# Regulatory Compliance Category > Tax Forum > [Question] Tax on leave pay and bonus

## Martinco

Traditionally the Iron and Steel Industry closes over Dec/Jan and in the General Agreement the amount calculations for leave and bonuses are set out.

I use a payroll program into which I put the amounts and the program calculates the amount of PAYE.

A problem now arises if one puts the total amount of money ( leave pay plus bonus ) into the program, the tax calculation is pretty steep and although the program adjusts the tax on subsequent payslips ( mid Jan till end Feb ) one tends to get a worker dissatisfaction if they look at the "huge" tax deduction.
On this pay run the program makes an " over tax calculation" and causes an employer/employee relationship problem.  :EEK!: 

Now I can see three possibilities:

1) Put all amounts on one payslip. ( and have the problem ! )  :Mad: 
2) Make three payslips for the three weeks leave pay and add the bonus to   one.
3) Make three payslips and add to each payslip 1/3 of the bonus amount.

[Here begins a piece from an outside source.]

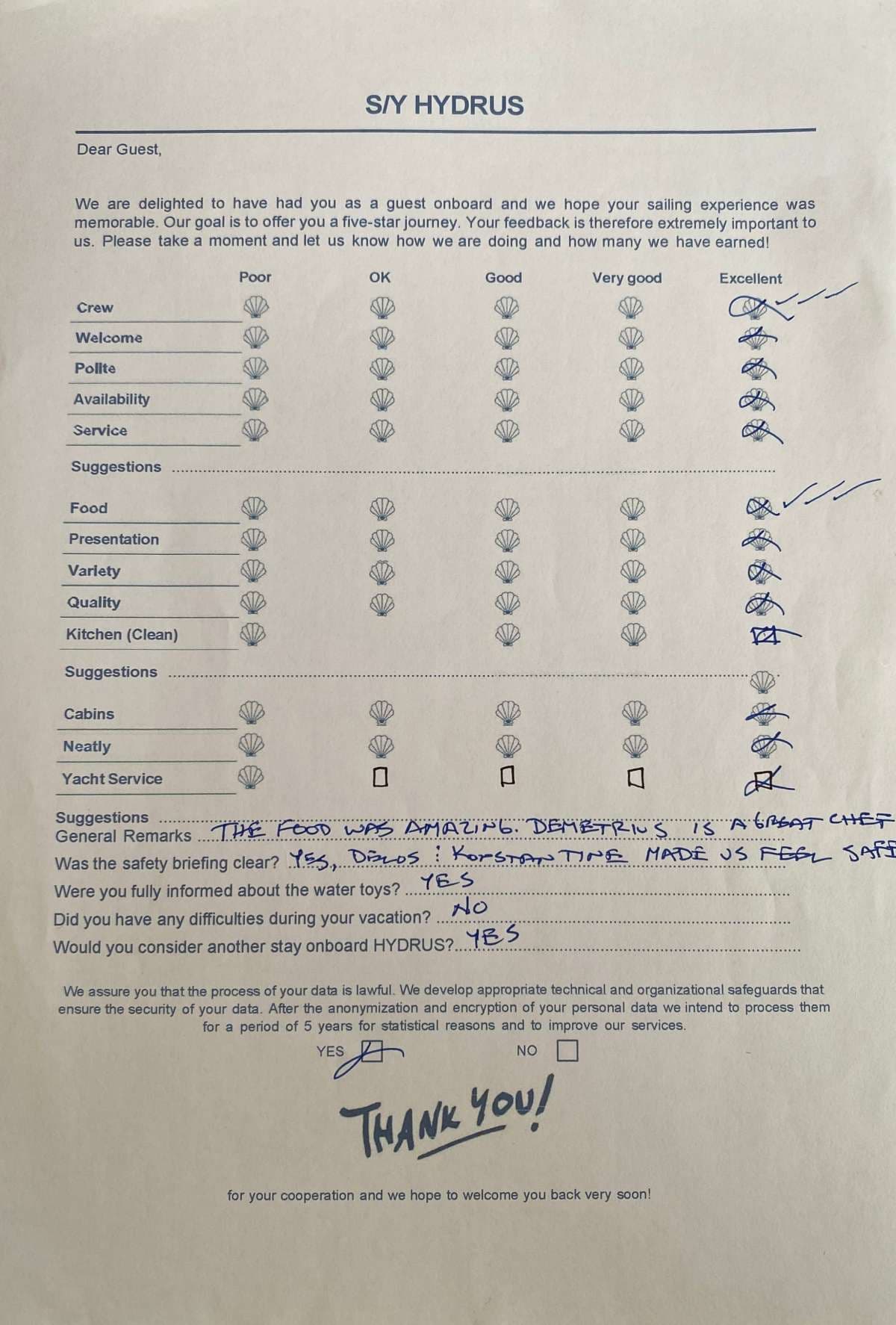 HYDRUS guest review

Will option 3 not be better to "confuse" the payroll program not to see the amounts as a huge "increase" in pay and hence adjust the estimated yearly income dramatically and also the tax deducted ?

----------


## Dave A

Does the payroll package not allow for annual payments or calculate the PAYE progressively?

Also just to point out that the tax accrued on any "extra" payment looks steep to *any* employee that is above the taxable threshold. This is because the effect of the marginal rate isn't blunted by the primary (and secondary, where applicable) rebates.

----------

Martinco (08-Nov-10)

----------


## Martinco

> Does the payroll package not allow for annual payments or calculate the PAYE progressively?
> 
> Also just to point out that the tax accrued on any "extra" payment looks steep to *any* employee that is above the taxable threshold. This is because the effect of the marginal rate isn't blunted by the primary (and secondary, where applicable) rebates.

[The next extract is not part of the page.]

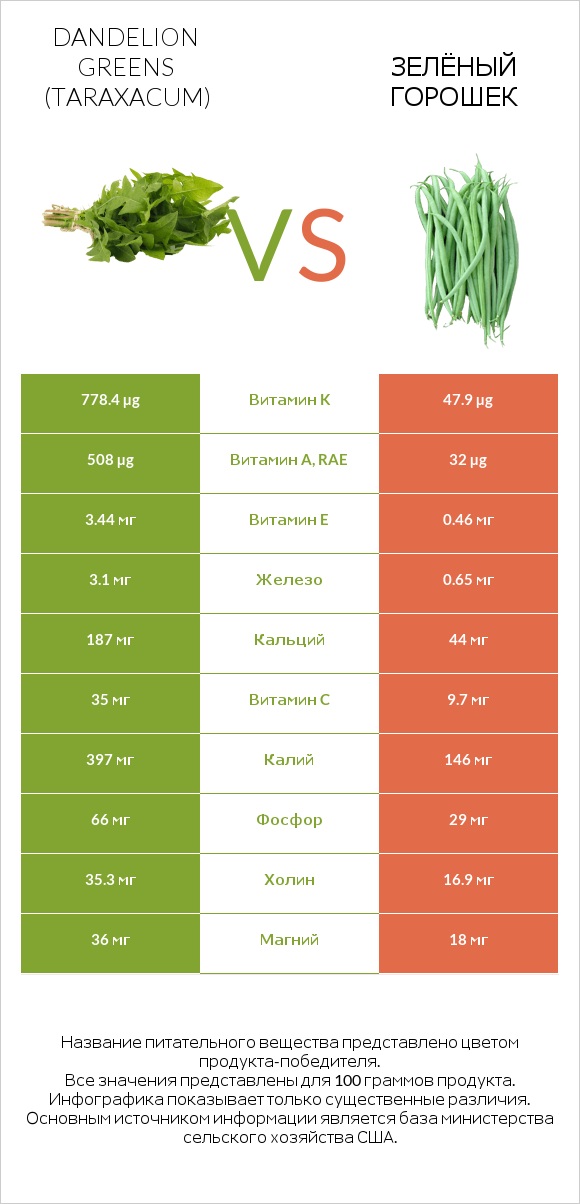 Dandelion greens vs Зелёный горошек infographic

Dave, it does allow for annual payments but still adjusts the yearly income to a higher tax than what it should be and some workers that fall into a no-tax bracket to a taxable bracket. ( and gives the tax back on subsequent payslips ). I realize that at the end of the tax year they should be even again but it is the initial shock that upsets the apple cart.
I had this situation last year and I am trying to find a way to avoid the unpleasantness.
Last year I told them that if they are unhappy with the tax, they should bring me a tax directive from SARS and I shall change the tax amount, but this did not go down very well. !
Unfortunately it is always the employer that is seen to be the villain in the story.

----------


## Neville Bailey

Another approach to look at (provided you get consent from the employees), is to over-tax them slightly every month so that, when the annual lumpsums get paid towards the end of the tax year, the payroll system does not make the usual large tax calculation.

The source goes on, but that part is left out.